I noticed a couple weeks ago that the front page of the Sunday Star Tribune (left photo, click to enlarge) had a big ad banner on the bottom, as did all the other front pages of the paper’s sections except the Opinon and Arts sections. Likewise, the Wall St. Journal (center) and the B/sports section of the Northfield News… but not yet the A section.
Initially this bothered me but then I couldn’t quite answer my own question: How is it any different than ads on the front pages of websites and increasingly, blogs?
Yes, of course it matters…….As one critical journalistic standard after another weakens, or disappears entirely, the entire value structure of the Fourth Estate deteriorates, and with that deterioration the inability of the public to rely on what should be a solid information source.
Think about the change from actual fact-checking to “attributed to” etc(other allusions to fact);what does that do to the accuracy of any statement? Fact-checker positions in a big newsroom have almost disappeared through budget cutting.
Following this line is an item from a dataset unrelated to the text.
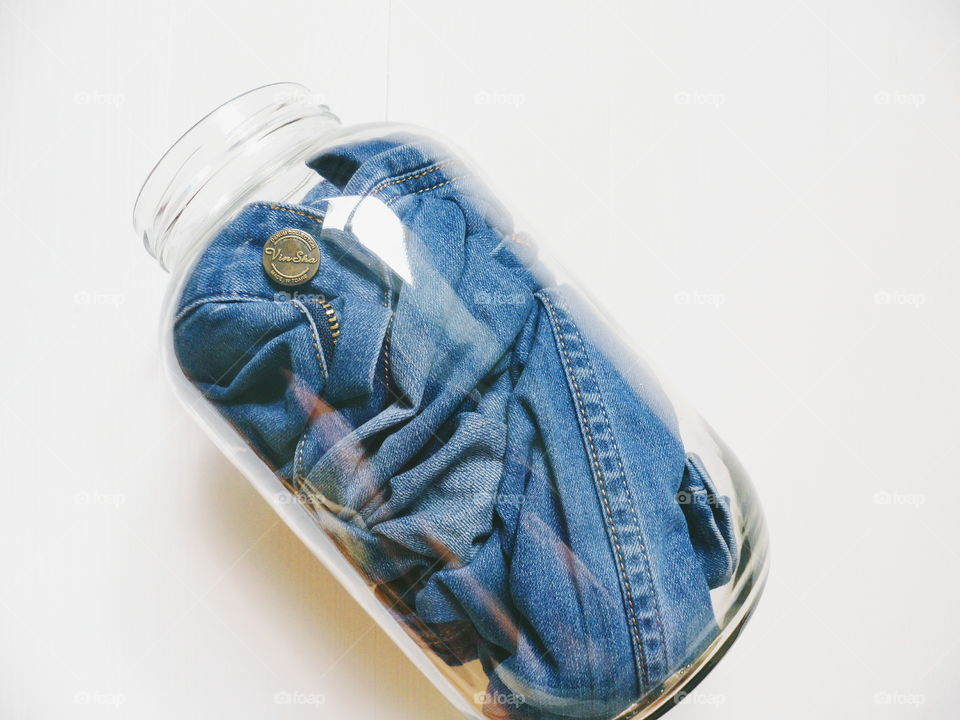 in a glass jar men's jeans pants on a white background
Are we going to let the credibility of our public press deteriorate because they cannot find ways to deal with their lessening bottom line profitability?
Will e-news, and its proliferation of advertisements and other distracting elements, replace the traditional newspaper? I don’t want it to; I find all the ads and other non-news elements on e-news sites to be too distracting. And I don’t want the Strib to keep deteriorating into more and more non-quality journalism……..but I could be considered to be part of their financial problem, as I quit subscribing some years ago when their “Faith and Values” section was not confined to a page or section, but began to permeate the entire paper.
I guess newspapers either DON’T listen to their readers, or ARE listening to their readers , and following the predominant comments………….will they react to comments about placement of Advertising?
At least these ads are marked as ads. And indeed they are no worse than ads on the homepages of news websites. The more insidious trend is product placement, particularly common in home design shows, where sponsors like Home Depot get what amounts to a 30-minute infomercial disguised as a real program.
Many magazines also have product endorsement pages that feature only their advertisers’ products. And the scourge of the industry for years was the fact that women’t magazines did health articles on every topic but smoking because they took so much money from cigarette companies.
Trade magazines also make huge profits promoting the agendas of their industries. Advertisers long ago realized they could kill criticism by putting all their money into magazines they control.
Even publications like Minnesota Monthly are largely advertising vehicles, not journalism.
In fairness, the good old days weren’t that great. Daytime TV shows got the name soap operas because they were dreamed up not as great drama, but as vehicles for selling cleaning products to a captive audience of housewives.